Burrell leaned across the seat, and kissed me on the cheek. “Thanks, Jack.”
Buster froze at the bottom of the stairwell leading to my room. I carried him upstairs, and laid him on the bed. Then I examined myself in the bathroom. My nose was turning purple, and had a nasty bump over the bridge. No more GQ covers for me.
I went downstairs to the bar. Two teenage girls were dancing in front of the jukebox while the Dwarfs ogled them from their bar stools. The girls were both slurping Diet Cokes, and I spoke to Sonny.
“They legal?” I asked.
“Naw. Tried to pass off some fake IDs, but I made them,” Sonny said.
“Why didn’t you throw them out?”
“Because I’m horny.”
I went upstairs and found my detective’s badge. The department had let me keep my badge after I’d quit. You could say it was one of the few decent things they’d done. I went downstairs and pulled the girls off the floor. Going outside, I made them stand in the pouring rain while I read them the riot act. By the time I was done, the makeup had washed off their faces, and they’d promised to stay out of bars until they were legal.
“Spoilsport,” Sonny said when I returned.
“You have any pain pills?” I asked.
Sonny fed me some Advil. I drank coffee, and waited for them to kick in. It took awhile, but I finally started to feel normal.
The local news came on. The lead story was about Jed’s capture, and showed him doing a perp walk outside the police station. The images faded into a blaring headline. WHAT WENT WRONG?
On the screen a familiar face appeared. It was Ron Cheeks, wearing his best suit and a smug look on his face. The pills churned in my stomach, and I grabbed the remote off the bar. Cheeks’s voice came booming out of the TV.
“Jed Grimes was our number one suspect from the start,” Cheeks said. “All the evidence pointed to him. He abducted his son, and we knew it.”
“Why didn’t the police arrest him before now?” a female reporter asked.
Cheeks did a slow burn. “I was going to. Unfortunately, a medical condition forced me off the case, and another detective took over.”
“Who was that?”
“Detective Candice Burrell.”
“Is she to blame?”
“Detective Burrell is a fine police officer, and in no way is responsible for what has happened with this investigation,” Cheeks replied.
“Then who is?”
“A consultant the police hired to work the case.”
“A consultant?” the reporter asked.
Cheeks raised his hands in mock surrender. “It wasn’t my idea.”
“Can you tell us who this consultant was?”
“It was a former detective named Jack Carpenter,” Cheeks said. “Carpenter was hired by the family to find the boy, then hired by the police department as well.”
“So there was a conflict of interest,” the reporter said.
“I would say so,” Cheeks said.
“Do you blame Jack Carpenter for what went wrong?”
“He let the case drag on, and now Sampson Grimes and his mother are missing.
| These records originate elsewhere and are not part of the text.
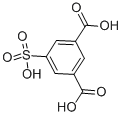 5-Sulfoisophthalic acid CAS#: 22326-31-4
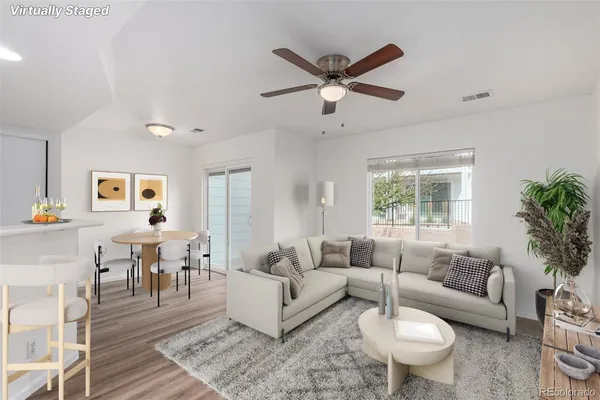 $285,000 | 5850 Ceylon Street, Unit D, Denver, CO 80249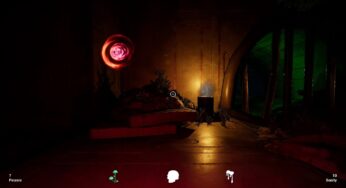Kaet Must Die! Announced For The Nintendo Switch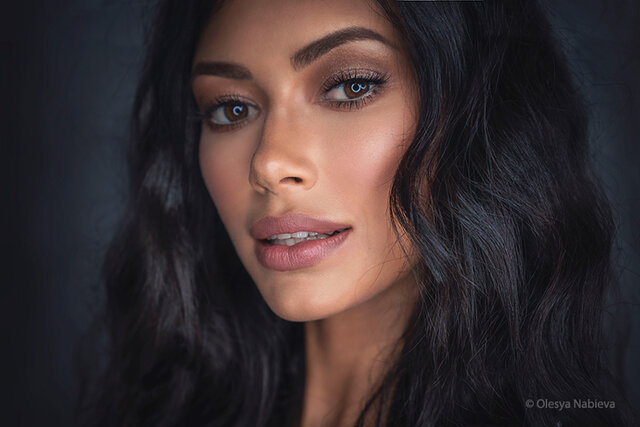 Olesya Nabieva's photo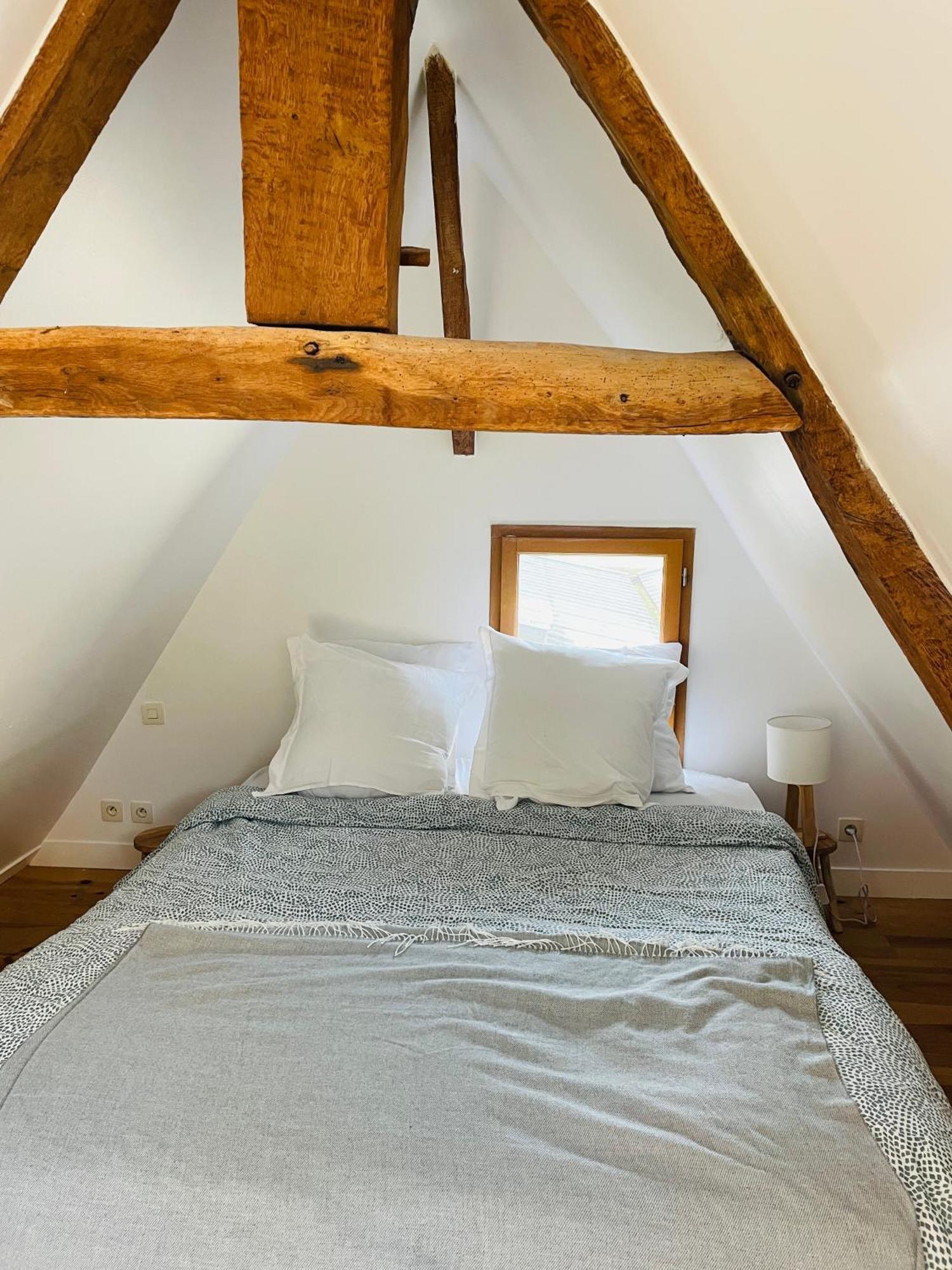 Le 5 + 4 En Somme Saint-Valery-sur-Somme Exterior foto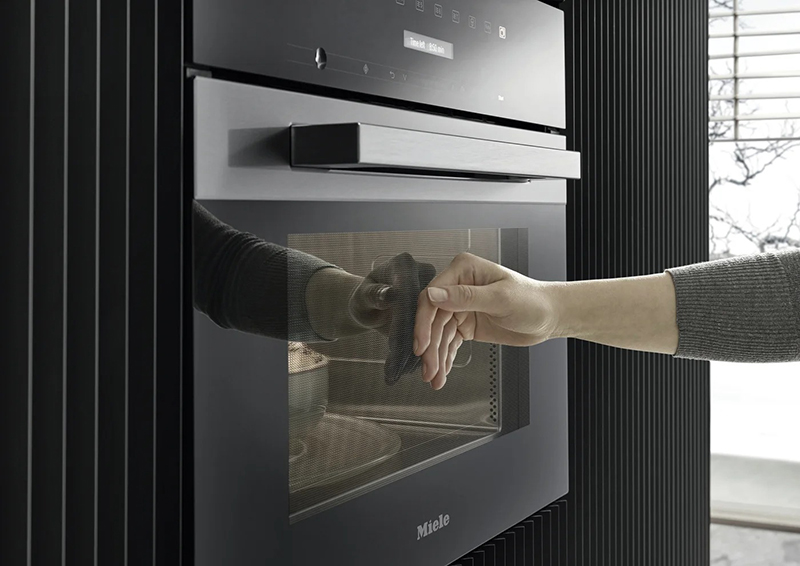 Lòvi sóng miele lựa chọn tin cậy cho mọi gia đình Việt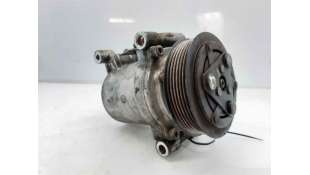COMPRESOR AIRE ACONDICIONADO CITROEN C-ELYSEE (2014-) 1.6 BLUEHDI 100 99CV 1560CC - L.6227062 / 9814865380 2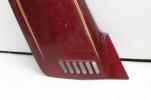 1982 SUZUKI GS650G GS650 RIGHT SIDE FRAME COVER PANEL 47111-34200 (STPU75)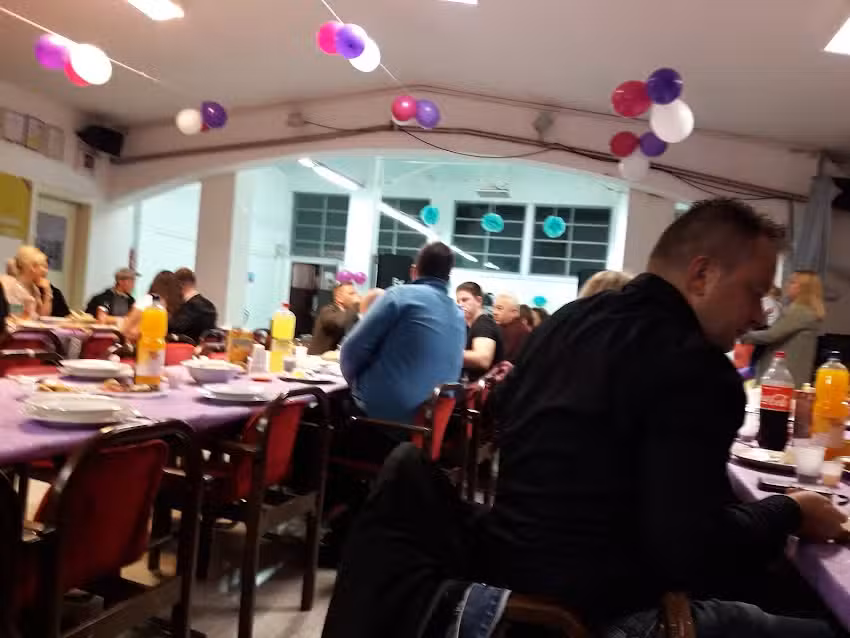 Restavracija la Nina, Miroslav Do&scaron;enović s.p.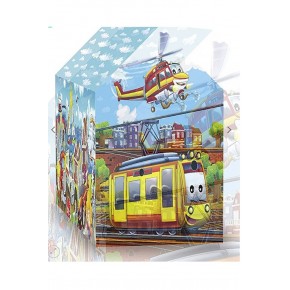 Moli Toys Kutuda Oyun Çadırı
Yes, I blame him.”
I looked for something to throw at the screen.
“Temper, temper,” Sonny said.
The interview ended. Sonny took the remote out of my hand and killed the picture.
“How’s your nose?” he asked.
“It’s starting to hurt again,” I said.
Sonny fed me two more pills. I swallowed them while looking into the future. Cheeks was campaigning to get his old job back. Considering how badly the case had gone, it just might happen. I could not imagine a more cruel injustice, and punched the bar.